I have none. Grooming doesn’t work on me. Why? Probably because I was raised in
captivity with three narcissists, I was out numbered, and I had to carefully study
how the eco-system of the narc jungle functions in order to survive. If I fell
prey to manipulation tactics such as grooming, I would have been chewed-up and
spat out before I reached my teens.
I
recall one New Year’s Eve, I was home watching TV, and at the stroke of
midnight malignant narcissist sister and her friend grabbed a bunch of pots and
pans from the kitchen and went out onto the street and banged the living shit
out of them. When malignant narcissist mother discovered that her pots and pans
were dented and chipped she was furious. MN sister couldn’t pin this one on me
because my parents came home while she was making a racket throughout the neighborhood
and they caught her walk through the door pot handed. What happened next was
something my 15 year old self put in the narcissist behavioral data bank.
Initially
MN mother became angry at MN sister and bitched and moaned about her precious
pots and pans, but that wasn’t the end of it. The next day, MN mother did some
role reversing and tried to employ a divide and conquer technique. She “acted”

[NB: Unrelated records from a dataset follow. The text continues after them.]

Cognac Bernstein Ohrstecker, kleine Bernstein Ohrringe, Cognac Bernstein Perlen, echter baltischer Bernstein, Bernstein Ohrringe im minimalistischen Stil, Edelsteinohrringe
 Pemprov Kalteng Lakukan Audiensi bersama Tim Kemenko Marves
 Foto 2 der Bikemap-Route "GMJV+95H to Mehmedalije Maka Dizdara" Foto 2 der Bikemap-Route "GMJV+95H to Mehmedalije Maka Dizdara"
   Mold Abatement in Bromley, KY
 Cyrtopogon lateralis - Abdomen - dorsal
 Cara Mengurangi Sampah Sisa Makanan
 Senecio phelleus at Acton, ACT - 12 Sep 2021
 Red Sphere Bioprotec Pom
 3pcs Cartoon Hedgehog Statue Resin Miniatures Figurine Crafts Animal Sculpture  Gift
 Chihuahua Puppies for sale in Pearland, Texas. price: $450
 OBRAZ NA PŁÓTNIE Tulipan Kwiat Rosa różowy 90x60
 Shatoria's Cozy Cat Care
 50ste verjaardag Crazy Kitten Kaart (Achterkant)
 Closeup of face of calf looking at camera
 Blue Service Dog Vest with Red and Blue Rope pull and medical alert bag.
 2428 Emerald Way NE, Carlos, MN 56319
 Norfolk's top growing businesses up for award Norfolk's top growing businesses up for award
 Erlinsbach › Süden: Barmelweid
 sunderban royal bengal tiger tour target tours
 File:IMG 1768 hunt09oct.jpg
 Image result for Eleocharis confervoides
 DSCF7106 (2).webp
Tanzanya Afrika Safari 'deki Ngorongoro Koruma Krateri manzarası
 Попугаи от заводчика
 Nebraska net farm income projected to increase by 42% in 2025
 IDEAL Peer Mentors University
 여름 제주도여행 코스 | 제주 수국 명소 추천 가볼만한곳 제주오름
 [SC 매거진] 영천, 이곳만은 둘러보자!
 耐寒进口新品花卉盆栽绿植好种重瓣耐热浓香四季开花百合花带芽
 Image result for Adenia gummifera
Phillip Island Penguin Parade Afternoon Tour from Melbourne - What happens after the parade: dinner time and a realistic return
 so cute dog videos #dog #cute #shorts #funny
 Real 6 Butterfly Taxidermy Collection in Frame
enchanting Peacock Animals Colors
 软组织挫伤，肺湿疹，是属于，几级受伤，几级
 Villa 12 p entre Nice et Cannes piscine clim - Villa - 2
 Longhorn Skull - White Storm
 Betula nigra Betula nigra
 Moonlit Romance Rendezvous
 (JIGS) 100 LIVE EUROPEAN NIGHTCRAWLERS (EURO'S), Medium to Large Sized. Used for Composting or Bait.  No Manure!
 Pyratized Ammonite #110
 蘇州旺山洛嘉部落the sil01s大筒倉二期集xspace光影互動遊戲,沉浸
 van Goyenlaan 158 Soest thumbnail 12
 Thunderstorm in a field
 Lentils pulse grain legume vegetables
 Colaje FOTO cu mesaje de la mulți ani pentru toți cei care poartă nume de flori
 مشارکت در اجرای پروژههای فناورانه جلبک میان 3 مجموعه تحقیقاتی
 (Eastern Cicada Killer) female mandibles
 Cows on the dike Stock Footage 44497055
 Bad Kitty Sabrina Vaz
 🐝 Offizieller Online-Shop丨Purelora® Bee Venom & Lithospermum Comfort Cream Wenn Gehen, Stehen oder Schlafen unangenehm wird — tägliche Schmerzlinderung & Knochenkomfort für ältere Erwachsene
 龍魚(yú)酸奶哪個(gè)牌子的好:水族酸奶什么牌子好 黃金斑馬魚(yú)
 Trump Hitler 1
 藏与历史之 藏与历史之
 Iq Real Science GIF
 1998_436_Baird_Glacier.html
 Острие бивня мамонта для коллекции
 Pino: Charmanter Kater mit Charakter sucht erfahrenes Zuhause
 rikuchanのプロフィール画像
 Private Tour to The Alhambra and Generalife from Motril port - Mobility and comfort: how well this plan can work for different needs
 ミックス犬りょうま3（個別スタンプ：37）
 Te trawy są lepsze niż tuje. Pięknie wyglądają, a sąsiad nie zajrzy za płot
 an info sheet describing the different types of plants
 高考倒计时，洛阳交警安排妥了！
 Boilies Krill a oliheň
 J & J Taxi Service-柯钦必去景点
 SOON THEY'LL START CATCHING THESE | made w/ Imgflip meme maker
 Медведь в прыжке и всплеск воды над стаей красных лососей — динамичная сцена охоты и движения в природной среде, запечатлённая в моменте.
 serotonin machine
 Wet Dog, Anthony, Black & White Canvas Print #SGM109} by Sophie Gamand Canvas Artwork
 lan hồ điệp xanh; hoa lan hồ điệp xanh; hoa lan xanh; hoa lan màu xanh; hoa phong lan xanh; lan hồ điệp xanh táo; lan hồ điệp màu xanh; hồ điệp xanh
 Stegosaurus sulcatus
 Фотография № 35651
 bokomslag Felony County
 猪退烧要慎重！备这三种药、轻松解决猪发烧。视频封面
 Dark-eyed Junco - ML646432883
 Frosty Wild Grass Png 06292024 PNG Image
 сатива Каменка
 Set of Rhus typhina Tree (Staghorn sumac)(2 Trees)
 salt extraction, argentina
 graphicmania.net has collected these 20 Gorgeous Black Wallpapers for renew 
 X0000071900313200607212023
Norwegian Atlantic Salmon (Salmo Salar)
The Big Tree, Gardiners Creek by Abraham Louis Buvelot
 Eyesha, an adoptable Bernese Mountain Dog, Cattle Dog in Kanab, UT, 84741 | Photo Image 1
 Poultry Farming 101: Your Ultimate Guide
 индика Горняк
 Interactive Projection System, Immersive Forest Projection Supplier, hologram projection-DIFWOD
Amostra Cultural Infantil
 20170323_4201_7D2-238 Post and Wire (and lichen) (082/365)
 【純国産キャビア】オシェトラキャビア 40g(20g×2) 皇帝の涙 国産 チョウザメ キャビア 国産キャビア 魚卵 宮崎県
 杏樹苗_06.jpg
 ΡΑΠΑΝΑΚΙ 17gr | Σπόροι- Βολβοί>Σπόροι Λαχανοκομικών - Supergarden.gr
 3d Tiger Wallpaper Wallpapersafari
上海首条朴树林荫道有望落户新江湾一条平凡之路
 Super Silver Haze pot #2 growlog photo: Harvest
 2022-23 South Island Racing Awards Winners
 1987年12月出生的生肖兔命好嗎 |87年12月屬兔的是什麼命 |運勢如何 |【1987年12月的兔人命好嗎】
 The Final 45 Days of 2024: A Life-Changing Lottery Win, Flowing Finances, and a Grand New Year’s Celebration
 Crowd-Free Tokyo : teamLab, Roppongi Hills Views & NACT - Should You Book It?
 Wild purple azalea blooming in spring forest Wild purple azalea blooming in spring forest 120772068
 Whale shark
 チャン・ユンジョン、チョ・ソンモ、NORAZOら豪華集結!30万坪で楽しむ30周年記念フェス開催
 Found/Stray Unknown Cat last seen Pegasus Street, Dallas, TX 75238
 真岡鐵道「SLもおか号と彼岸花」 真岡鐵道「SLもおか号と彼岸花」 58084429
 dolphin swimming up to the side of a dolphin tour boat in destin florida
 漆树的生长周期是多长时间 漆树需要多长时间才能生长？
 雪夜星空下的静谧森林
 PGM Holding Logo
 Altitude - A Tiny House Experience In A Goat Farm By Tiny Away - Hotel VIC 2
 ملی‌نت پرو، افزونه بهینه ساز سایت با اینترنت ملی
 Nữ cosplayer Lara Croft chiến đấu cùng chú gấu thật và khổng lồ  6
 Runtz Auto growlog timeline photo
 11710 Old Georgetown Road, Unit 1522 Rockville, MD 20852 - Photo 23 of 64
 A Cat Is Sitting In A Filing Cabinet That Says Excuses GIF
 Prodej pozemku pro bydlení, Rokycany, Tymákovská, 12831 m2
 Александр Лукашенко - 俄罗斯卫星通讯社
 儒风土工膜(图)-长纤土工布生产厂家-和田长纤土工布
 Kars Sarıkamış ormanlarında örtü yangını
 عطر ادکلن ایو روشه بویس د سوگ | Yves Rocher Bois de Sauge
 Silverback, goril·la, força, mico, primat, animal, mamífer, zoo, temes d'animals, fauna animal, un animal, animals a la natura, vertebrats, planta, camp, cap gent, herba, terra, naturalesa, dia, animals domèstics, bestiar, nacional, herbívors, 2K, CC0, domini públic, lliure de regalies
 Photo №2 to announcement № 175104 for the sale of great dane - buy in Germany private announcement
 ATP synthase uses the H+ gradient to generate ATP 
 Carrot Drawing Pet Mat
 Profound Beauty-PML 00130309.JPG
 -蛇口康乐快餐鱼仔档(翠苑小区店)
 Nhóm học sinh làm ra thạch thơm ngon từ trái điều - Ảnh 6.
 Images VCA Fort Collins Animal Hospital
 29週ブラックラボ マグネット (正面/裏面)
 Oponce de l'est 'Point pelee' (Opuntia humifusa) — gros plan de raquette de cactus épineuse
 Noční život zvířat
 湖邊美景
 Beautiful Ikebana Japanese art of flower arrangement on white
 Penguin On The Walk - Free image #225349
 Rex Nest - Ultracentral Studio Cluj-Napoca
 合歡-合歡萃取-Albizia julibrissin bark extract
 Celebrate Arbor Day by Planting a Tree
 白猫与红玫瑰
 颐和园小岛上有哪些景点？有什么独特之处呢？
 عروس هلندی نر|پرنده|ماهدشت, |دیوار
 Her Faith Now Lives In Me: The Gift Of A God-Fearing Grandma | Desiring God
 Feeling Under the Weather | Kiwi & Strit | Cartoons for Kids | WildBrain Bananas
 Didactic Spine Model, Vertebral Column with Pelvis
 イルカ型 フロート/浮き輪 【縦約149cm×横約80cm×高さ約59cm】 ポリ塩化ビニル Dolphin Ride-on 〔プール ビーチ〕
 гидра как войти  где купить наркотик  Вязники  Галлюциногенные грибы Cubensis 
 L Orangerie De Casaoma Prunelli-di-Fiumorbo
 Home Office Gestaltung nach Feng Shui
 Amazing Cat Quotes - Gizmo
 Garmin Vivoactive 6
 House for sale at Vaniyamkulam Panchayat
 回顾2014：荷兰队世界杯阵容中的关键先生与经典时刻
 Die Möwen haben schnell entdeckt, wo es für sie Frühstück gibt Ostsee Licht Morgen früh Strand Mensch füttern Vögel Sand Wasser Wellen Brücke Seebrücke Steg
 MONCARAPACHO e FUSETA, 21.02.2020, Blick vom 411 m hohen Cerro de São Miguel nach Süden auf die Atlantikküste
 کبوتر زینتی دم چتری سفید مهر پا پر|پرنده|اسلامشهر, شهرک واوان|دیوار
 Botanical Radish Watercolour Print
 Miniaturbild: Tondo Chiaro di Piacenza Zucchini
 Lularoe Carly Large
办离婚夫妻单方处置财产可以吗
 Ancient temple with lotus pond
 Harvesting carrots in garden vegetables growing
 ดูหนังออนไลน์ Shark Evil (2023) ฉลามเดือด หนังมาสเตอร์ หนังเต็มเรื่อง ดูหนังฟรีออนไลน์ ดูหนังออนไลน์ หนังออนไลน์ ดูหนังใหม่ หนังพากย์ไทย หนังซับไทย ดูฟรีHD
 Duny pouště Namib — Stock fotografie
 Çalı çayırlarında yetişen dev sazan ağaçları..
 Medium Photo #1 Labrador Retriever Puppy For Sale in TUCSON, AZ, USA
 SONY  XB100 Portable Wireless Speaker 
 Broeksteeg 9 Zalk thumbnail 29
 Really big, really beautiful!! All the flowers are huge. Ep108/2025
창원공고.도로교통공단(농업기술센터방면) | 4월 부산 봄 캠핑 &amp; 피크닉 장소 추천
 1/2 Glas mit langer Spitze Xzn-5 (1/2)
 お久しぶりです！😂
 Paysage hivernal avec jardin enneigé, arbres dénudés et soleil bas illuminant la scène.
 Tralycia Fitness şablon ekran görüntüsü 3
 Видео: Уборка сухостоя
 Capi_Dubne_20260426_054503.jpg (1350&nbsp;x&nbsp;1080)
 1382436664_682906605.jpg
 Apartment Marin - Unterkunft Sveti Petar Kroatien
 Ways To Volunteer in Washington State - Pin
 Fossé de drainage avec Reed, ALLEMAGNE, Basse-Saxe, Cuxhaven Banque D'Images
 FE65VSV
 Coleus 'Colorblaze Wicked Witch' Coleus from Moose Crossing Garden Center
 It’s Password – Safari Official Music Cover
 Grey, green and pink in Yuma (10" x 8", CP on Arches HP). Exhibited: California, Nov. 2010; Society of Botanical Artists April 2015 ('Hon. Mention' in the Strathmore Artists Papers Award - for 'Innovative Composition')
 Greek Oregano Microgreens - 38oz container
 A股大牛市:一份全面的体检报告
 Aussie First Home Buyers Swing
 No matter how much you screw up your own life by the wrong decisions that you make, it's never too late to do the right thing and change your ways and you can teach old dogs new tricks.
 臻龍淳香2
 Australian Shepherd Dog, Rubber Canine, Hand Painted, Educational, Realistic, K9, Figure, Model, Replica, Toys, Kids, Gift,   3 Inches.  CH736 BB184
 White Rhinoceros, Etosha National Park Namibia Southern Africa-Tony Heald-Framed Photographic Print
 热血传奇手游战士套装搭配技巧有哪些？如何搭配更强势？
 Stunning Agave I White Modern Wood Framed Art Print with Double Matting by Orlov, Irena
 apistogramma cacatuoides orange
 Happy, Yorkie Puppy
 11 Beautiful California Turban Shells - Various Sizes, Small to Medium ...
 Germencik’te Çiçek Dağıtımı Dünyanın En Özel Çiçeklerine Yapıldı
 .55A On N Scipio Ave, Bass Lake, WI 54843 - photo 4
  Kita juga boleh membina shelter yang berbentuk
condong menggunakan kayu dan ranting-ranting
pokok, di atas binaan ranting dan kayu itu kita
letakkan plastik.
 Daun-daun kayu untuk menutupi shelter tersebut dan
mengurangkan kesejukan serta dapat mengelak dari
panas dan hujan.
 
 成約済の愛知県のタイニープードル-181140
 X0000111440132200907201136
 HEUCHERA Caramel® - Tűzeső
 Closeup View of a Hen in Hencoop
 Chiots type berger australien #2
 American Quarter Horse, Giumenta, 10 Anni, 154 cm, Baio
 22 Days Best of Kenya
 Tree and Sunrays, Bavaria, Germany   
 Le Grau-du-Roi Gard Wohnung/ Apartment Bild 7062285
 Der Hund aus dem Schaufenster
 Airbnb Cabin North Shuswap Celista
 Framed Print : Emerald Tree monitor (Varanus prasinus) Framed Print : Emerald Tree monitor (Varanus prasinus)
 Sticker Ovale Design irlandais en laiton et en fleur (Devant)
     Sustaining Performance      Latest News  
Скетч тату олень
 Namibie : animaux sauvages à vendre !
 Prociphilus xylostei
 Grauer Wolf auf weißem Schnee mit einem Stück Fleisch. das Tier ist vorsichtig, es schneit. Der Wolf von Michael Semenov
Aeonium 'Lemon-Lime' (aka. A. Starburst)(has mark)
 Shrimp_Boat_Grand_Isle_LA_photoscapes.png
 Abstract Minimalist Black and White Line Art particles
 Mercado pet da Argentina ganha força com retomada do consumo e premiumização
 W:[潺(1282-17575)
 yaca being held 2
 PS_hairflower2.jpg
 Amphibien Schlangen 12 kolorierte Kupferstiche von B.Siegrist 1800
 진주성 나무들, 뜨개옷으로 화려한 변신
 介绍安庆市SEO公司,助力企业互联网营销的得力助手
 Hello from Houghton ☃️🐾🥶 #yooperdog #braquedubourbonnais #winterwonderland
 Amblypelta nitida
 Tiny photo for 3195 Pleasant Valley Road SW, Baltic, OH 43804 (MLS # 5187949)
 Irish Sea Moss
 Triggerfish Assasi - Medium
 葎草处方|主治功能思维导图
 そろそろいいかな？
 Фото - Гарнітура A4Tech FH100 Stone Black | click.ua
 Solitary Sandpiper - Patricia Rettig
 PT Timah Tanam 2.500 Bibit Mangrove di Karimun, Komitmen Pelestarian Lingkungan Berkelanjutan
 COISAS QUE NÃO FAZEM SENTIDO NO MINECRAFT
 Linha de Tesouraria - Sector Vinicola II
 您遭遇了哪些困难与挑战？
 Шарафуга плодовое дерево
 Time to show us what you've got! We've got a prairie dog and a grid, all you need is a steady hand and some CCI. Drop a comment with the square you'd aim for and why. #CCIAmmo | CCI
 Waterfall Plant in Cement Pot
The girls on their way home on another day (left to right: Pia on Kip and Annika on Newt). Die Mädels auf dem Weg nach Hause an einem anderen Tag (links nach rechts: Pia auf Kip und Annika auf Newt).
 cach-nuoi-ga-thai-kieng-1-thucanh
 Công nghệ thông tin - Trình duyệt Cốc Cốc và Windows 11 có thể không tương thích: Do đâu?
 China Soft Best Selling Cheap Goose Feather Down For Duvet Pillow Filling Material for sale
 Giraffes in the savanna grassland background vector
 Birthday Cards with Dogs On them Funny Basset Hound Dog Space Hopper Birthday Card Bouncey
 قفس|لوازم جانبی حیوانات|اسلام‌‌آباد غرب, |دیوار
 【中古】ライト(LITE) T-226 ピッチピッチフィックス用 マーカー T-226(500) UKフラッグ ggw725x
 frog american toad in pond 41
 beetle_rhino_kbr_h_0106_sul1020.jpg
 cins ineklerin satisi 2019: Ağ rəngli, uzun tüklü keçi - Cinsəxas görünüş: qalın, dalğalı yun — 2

as if my sister was invisible and went into full-on grooming/engulf mode with
ME. Normally she didn’t acknowledge my existence, but now she was doing the human
version of a picking through my hair. Because this was so out of character for
her, I immediately recognized that she was working an angle – all this doting
was to make my sister jealous. I was merely a pawn in her sick little game. It
was almost laughable how she timed things. For example, MN sister would walk by,
or enter the room I was in, and like magic, MN mother would appear and ask me in
a sickly syrupy voice if I needed anything. This was quite a departure from her
evil glares, hissing and threats to annihilate me. It was truly cringe worthy.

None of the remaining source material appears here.